I'd have to disagree on this.

I've found that if a man isn't thinking of whatever he and a woman have with labels, then he's keeping his options open. And that's fine as long as both parties understand that.

However, when he decides (whether sooner or later) that he wants to be more serious, he is VERY quick to want to define the relationship and give a title to his partner.

So yeah, I think men probably think MORE in labels than women do... which is why they try not to use them when they aren't ready because they know the expectations that come with each label.
 
Men base their stages on feelings - not "labels" and I'd imagine they'd be something along the lines of (and not necessarily in this order):
0- I know her.
1- I like her.
2- I like having sex with her and other people.
3- I like having sex with her.
4- I love her.
5- I can/want to spend the rest of my life with her.
6- I am spending the rest of my life with her.

Why does sex have to be apart of the dating phase and particularly between liking someone and loving someone?
 
I'd have to disagree on this.

I've found that if a man isn't thinking of whatever he and a woman have with labels, then he's keeping his options open.

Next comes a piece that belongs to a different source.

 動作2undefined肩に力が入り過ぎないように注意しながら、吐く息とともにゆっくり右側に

And that's fine as long as both parties understand that.

However, when he decides (whether sooner or later) that he wants to be more serious, he is VERY quick to want to define the relationship and give a title to his partner.

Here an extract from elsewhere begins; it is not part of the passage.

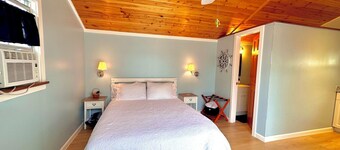 Adorable Waterfront guest house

So yeah, I think men probably think MORE in labels than women do... which is why they try not to use them when they aren't ready because they know the expectations that come with each label.

I don't know...I've found that men think in feelings and actions and we think in labels. I know a lot of dudes who refer to girls, when the girls are around, as their girlfriends, knowing damn well we all saw him with a different girl the night before.

What is a girlfriend? What is a boyfriend? What does that mean? The problem is it has so many different meanings to so many people that men and women can exploit this lack of definition to their benefit. Maybe its because I don't use the term girlfriend and my SO doesn't either. He introduces me by my name, as "his other half" as "his better half" but never his girlfriend because they are not terms we use. However, I know exactly where I stand and what his plans for US are and none of this came from titles.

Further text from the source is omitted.